El ritmo del corazón, por Carlos Galdós
El ritmo del corazón, por Carlos Galdós
Carlos Galdós

El sábado pasado mi hija y yo nos metimos una sobredosis de música electrónica en el festival Lollapalooza Chile. Hemos saltado como resortes viendo a Diplo, Don Diablo, Marshmello, Martin Garrix. Y para que no nos digan que no tenemos cultura musical, taladramos nuestros oídos con Metallica y cerramos viendo a uno de los pocos rockstars de estos tiempos: Julian Casablancas y The Strokes. En uno de los intermedios, Valentina no tuvo mejor idea que contarme que una amiga del colegio la había invitado al concierto de Justin Bieber. Ella sabe que detesto su música y que en mi programa de radio está vetado ese personaje. Aun así me dijo que le gustaría ir por curiosidad. “¿No serás una Believer?”, le dije. “Noooo, papá, yo no, pero mi amiga sí y quiero acompañarla. Tiene entradas adelantito”, respondió de inmediato. “Bueno, mi amor, está bien. ¿Quién las va a llevar?”, pregunté. “Su mamá va con nosotras”. Asunto resuelto.

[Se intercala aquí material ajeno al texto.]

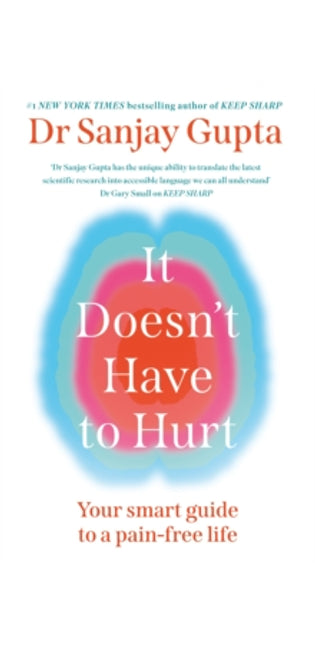 It Doesn't Have to Hurt : Your Smart Guide to a Pain-Free Life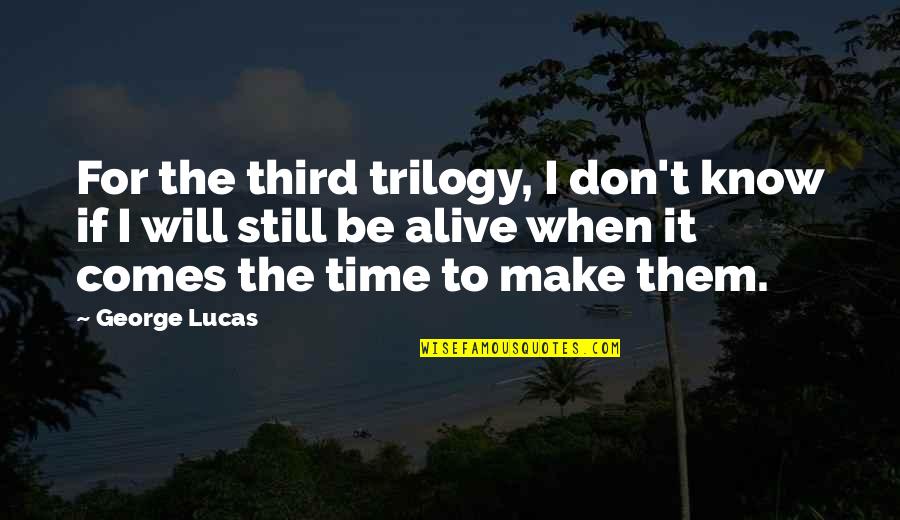 Trilogy Quotes By George Lucas: For the third trilogy, I don't know if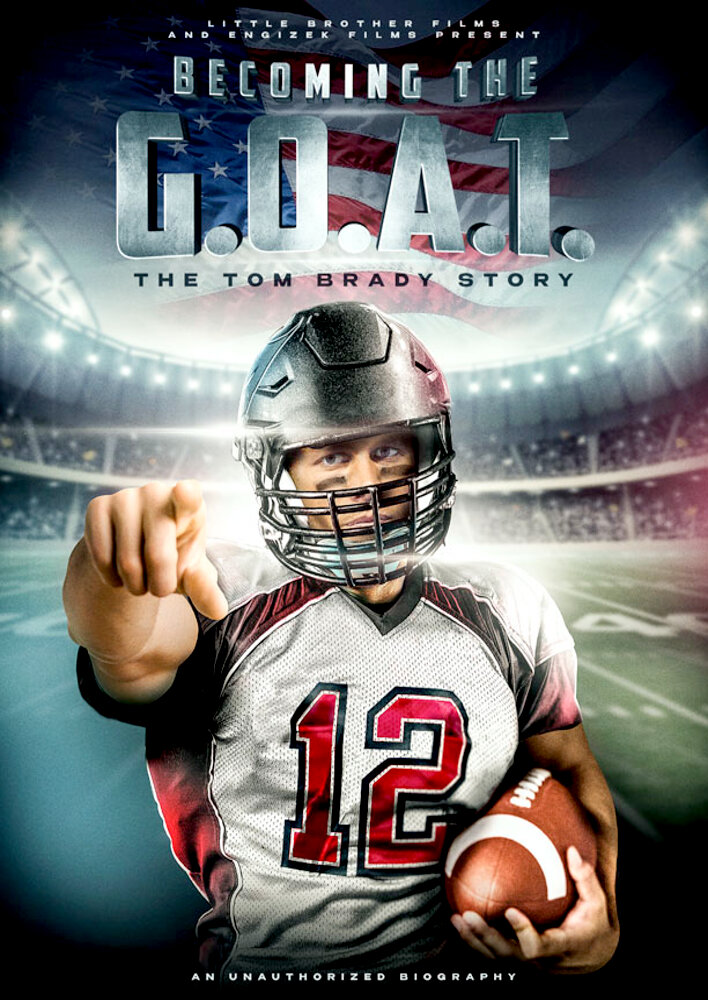 Becoming the G.O.A.T.: The Tom Brady Story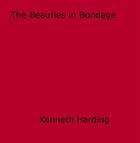 Couverture du livre « Beauties in Bondage » de Kenneth Harding aux éditions Epagine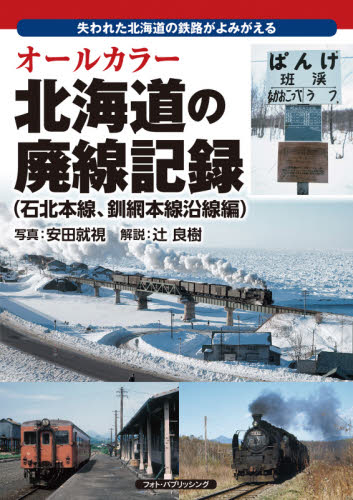オールカラー北海道の廃線記録 失われた北海道の鉄路がよみがえる 石北本線、釧網本線沿線編 (オールカラー) 安田就視/写真 辻良樹/解説 鉄道の本の商品画像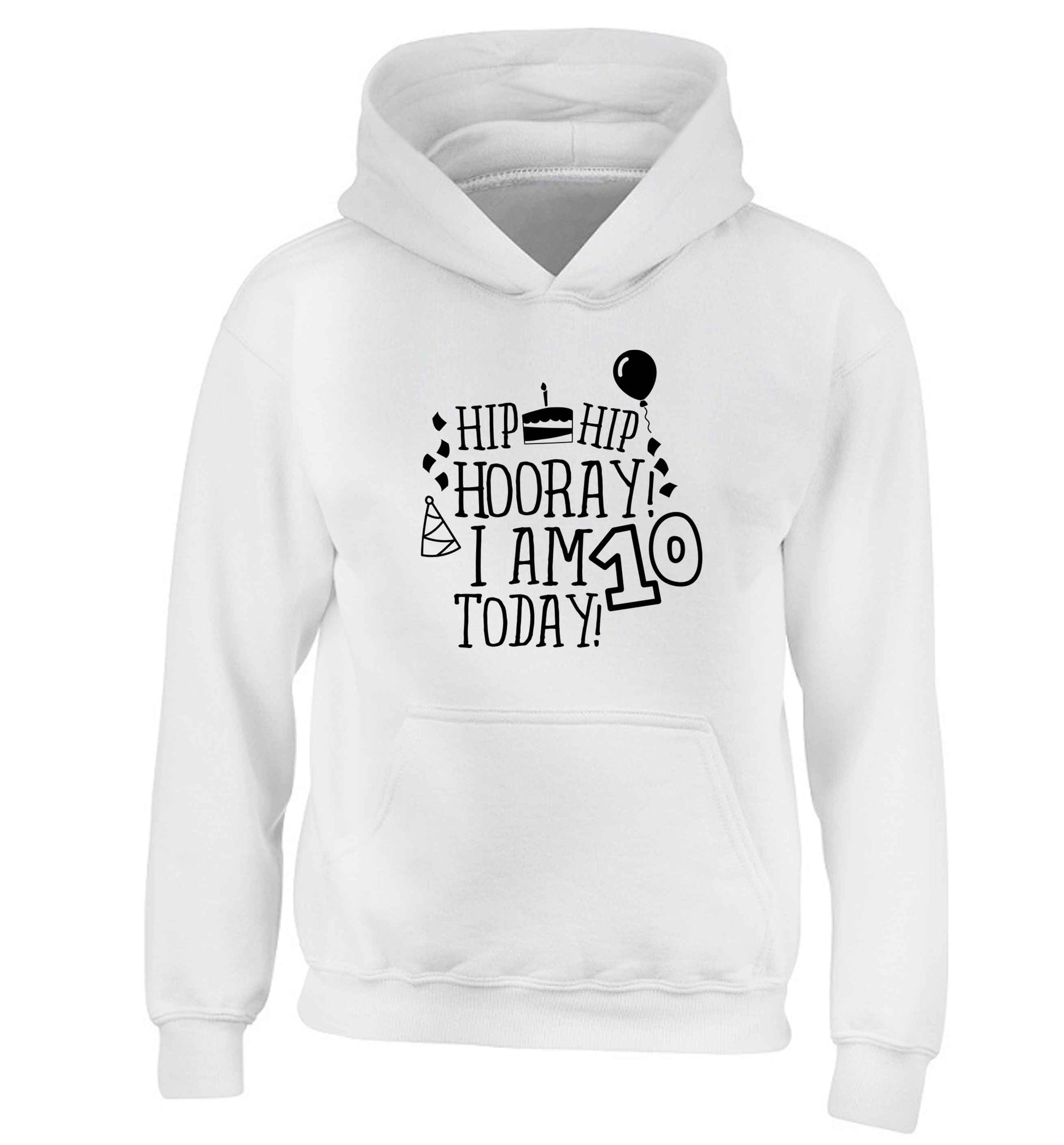 Hip hip hooray I am ten today! children's white hoodie 12-13 Years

Para no quedar como el papá aburrido, le sugerí a Vale que invitara a su amiga a la casa a almorzar el mismo día del concierto, de paso que podían escuchar a todo volumen las canciones de Justin y ver por Youtube sus últimos conciertos. Así llegarían al show con todo el setlist aprendido y listo para gritarlo.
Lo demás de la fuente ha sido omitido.